6. The method for producing a luminescent material according to claim 4, wherein: in the second step, the mixture is subjected to low-temperature presintering, the temperature is kept in an oven for 2-5 hours at the temperature lower than 300 ℃, the high-temperature calcination of the mixture is performed in air, inert atmosphere or reducing atmosphere, the high-temperature calcination temperature of the mixture is 400-1500 ℃, the calcination time is 1-30 hours, and the high-temperature calcination times of the mixture are at least 1 time.
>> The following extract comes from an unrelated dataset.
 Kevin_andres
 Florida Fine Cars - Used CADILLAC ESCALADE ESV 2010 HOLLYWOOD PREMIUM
7. The method for producing a luminescent material according to claim 4, wherein: in the third step, the post-treatment of the calcined product comprises grinding, washing, filtering and drying, and the post-treatment drying temperature of the calcined product is 60-100 ℃.
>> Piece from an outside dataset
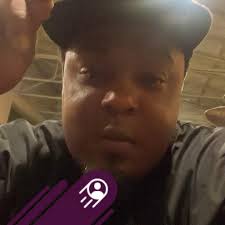 ExtraordinaryJayyvideos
8. A light emitting device, characterized by: the fluorescent light emitting diode comprises a fluorescent conversion layer and an LED semiconductor chip, wherein the fluorescent conversion layer is arranged on the LED semiconductor chip and comprises the luminescent material of any one of claims 1 to 3 or the luminescent material prepared by the preparation method of any one of claims 4 to 7.

9. A light emitting device according to claim 8 wherein: the fluorescent conversion layer is a layer containing an encapsulation material and a luminescent material, wherein the luminescent material is uniformly dispersed in the encapsulation material, the encapsulation material is selected from one of an organic material or an inorganic material, the organic material is selected from one of epoxy resin, polycarbonate or silica gel, and the inorganic material is selected from one of boron oxide, potassium oxide, aluminum oxide or silicon dioxide.

10. A light emitting device according to claim 8 wherein: the LED semiconductor chip is one or more of a purple light LED chip, a blue light LED chip or a red light LED chip, the peak value range of the purple light LED chip is 280-400 nm, the peak value range of the blue light LED chip is 400-490 nm, and the peak value range of the red light LED chip is 590-680 nm.